YeeP wrote:In my search to find how this is all done properly, it seems that booting by disc or usb, with a UEFI firmware, can only be done with an EFI based bootable CD or usb. Is that correct?
Correct. Any firmware (BIOS, UEFI, CoreBoot, or others) requires follow-on software designed for it. To boot a BIOS-based computer, you need a boot loader designed for BIOS, for instance. There are implementations that can re-converge (for instance, running the same Linux kernel from any of multiple firmware types), and some firmware implementations support two or more boot methods (as in most modern PCs, that support both BIOS and UEFI-style booting), but as a first approximation, each firmware type implements a track that's independent of each other firmware type.
If so, where can some instructions (for the idiot) be found on how to set this up? I keep finding things like "use the blah_blah.efi file". Sounds good, except where does this file go on the live disc so the bootloader will find it?

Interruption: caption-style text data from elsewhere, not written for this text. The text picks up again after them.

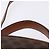 Céline Borsa CELINE Macadam Canvas PVC Pelle 2way Marrone Oro Auth 192234 D'oro - vista 14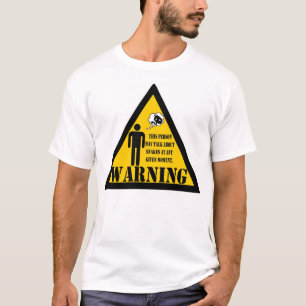 T-shirts Advertir esta pessoa pode falar sobre cobras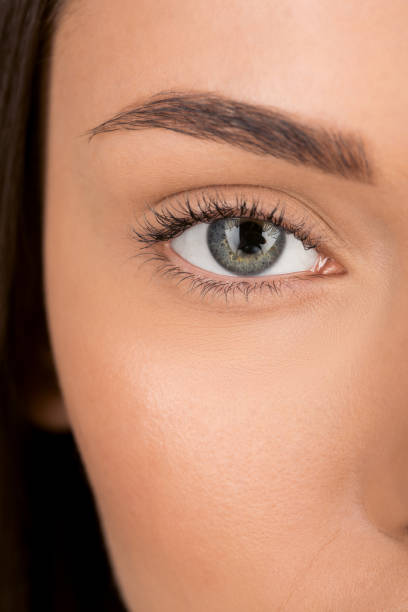 istock woman with beautiful eye 876133286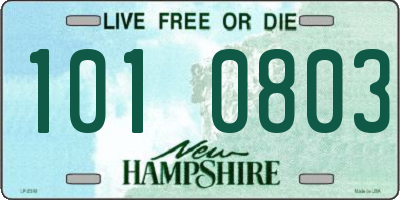 NH license plate 1010803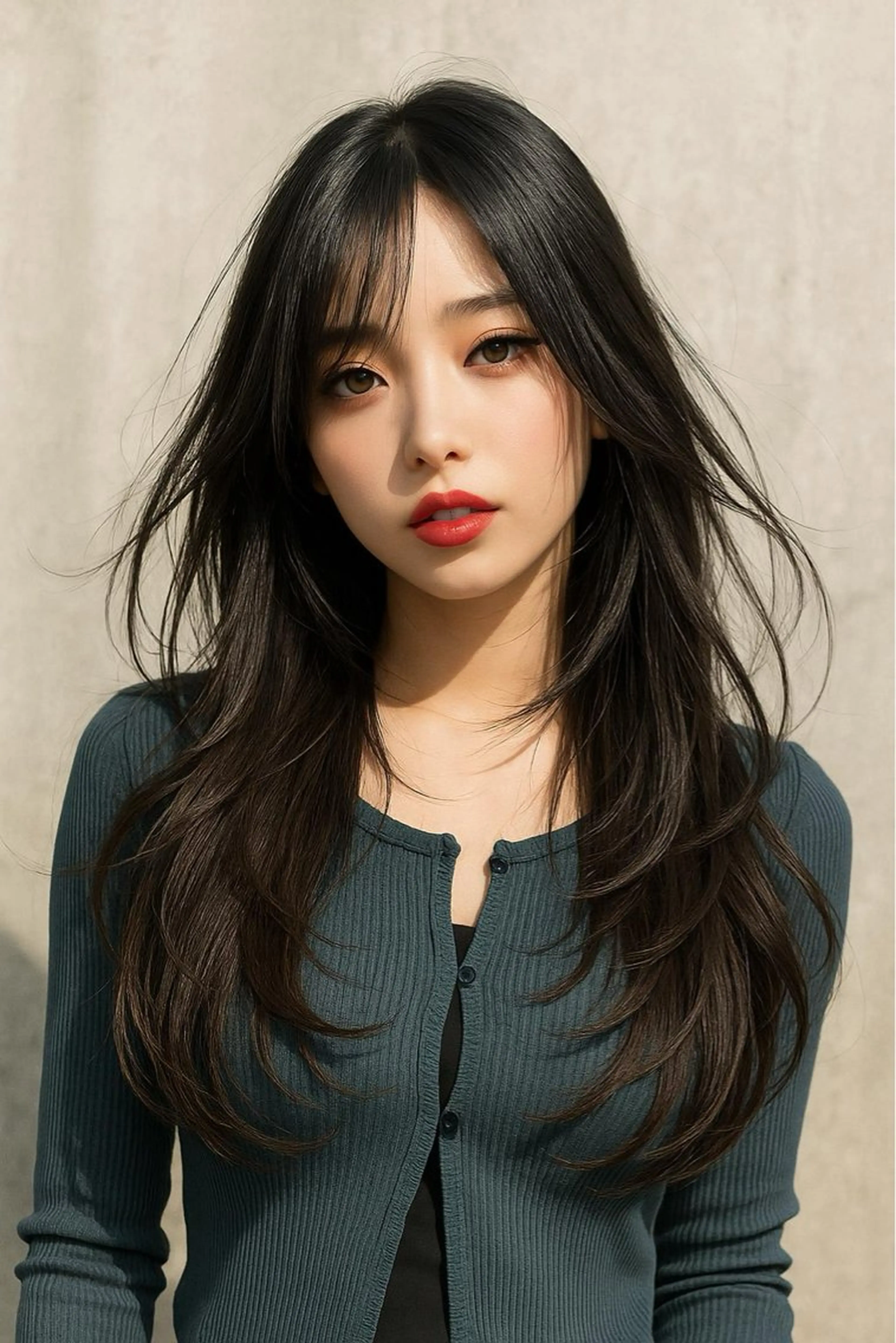 ロング カラー パーマ レイヤーカット さく/髪質改善× 縮毛矯正/町田のヘアスタイル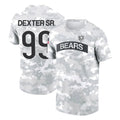 Punc C.Bears #99 Gervon Dexter Sr. Player Arctic Camo Salute to Service Performance T-Shirt Limited Stitched Jerseys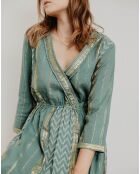 Robe Haiti imprimée menthe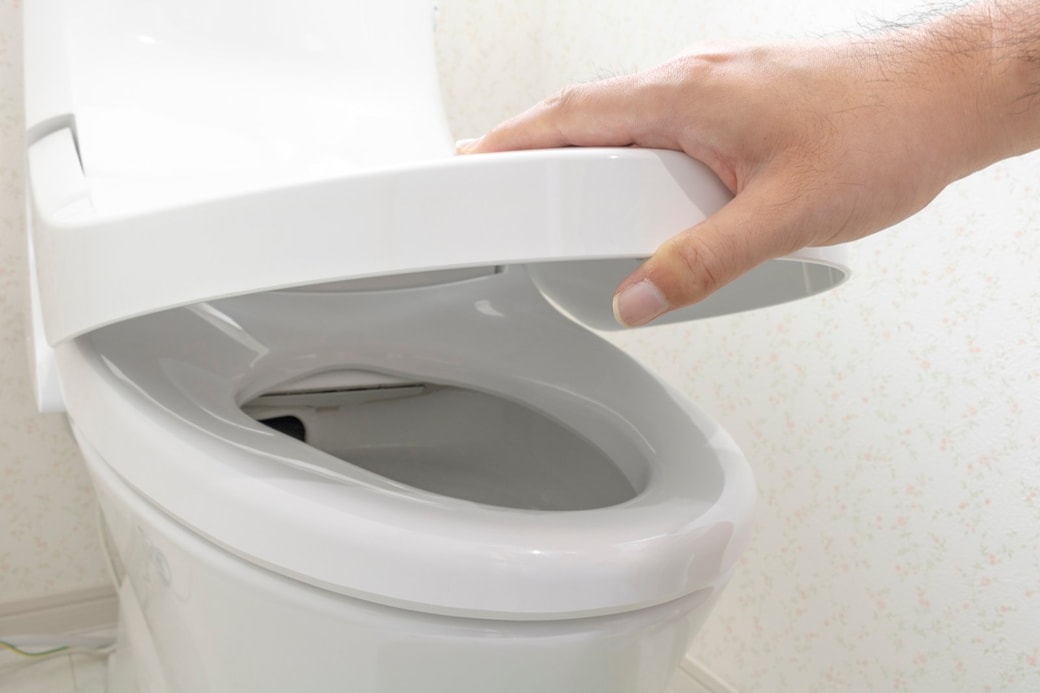 洋式トイレの便座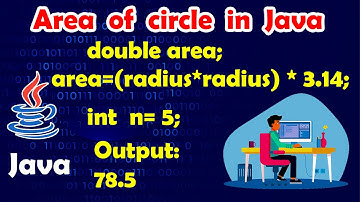 find area of circle in java | interview coding questions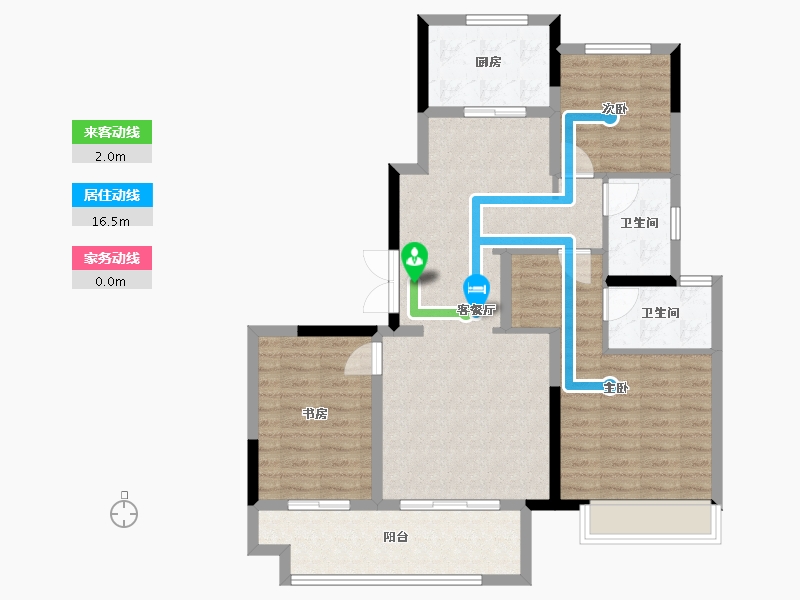 贵州省-遵义市-吾悦广场-99.00-户型库-动静线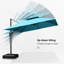 335cm Cantilever Parasol-1841262834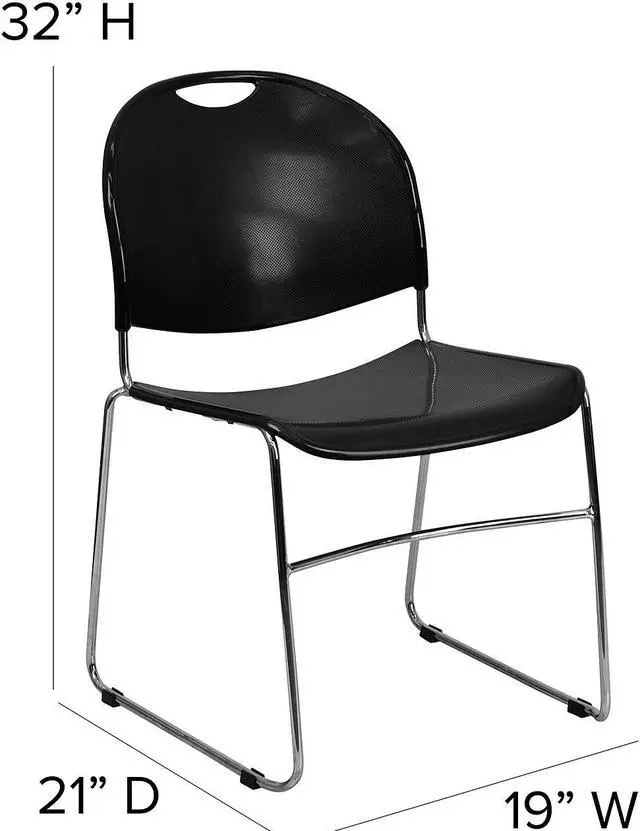 Alt view image 12 of 14 - Advantage Eggplant Church Chair 18.5 in. Wide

For CDs, it's much harder than it should be, and I don't know of any good instructions for novices about how to create EFI-bootable CDs. The problem is that in their Infinite Wisdom, the EFI designers decided that optical discs would be bootable using a standard known as El Torito, which was designed as a workaround to enable BIOS-based computers to boot from CDs. Being a workaround for the primitive BIOS, El Torito is ugly and difficult to set up. The alternative would have been to require that EFI implementations include a driver for ISO-9660 (the standard CD-R filesystem) and/or UDF (the standard DVD filesystem), which would have made it quite simple to create a bootable optical disc. For whatever reason, they didn't do this, so you've got to create a FAT filesystem image with the boot files and stuff that onto the disc using El Torito. Linux tools to do this exist, but AFAIK the process requires using a loopback filesystem, using obscure options to mkisofs, and so on.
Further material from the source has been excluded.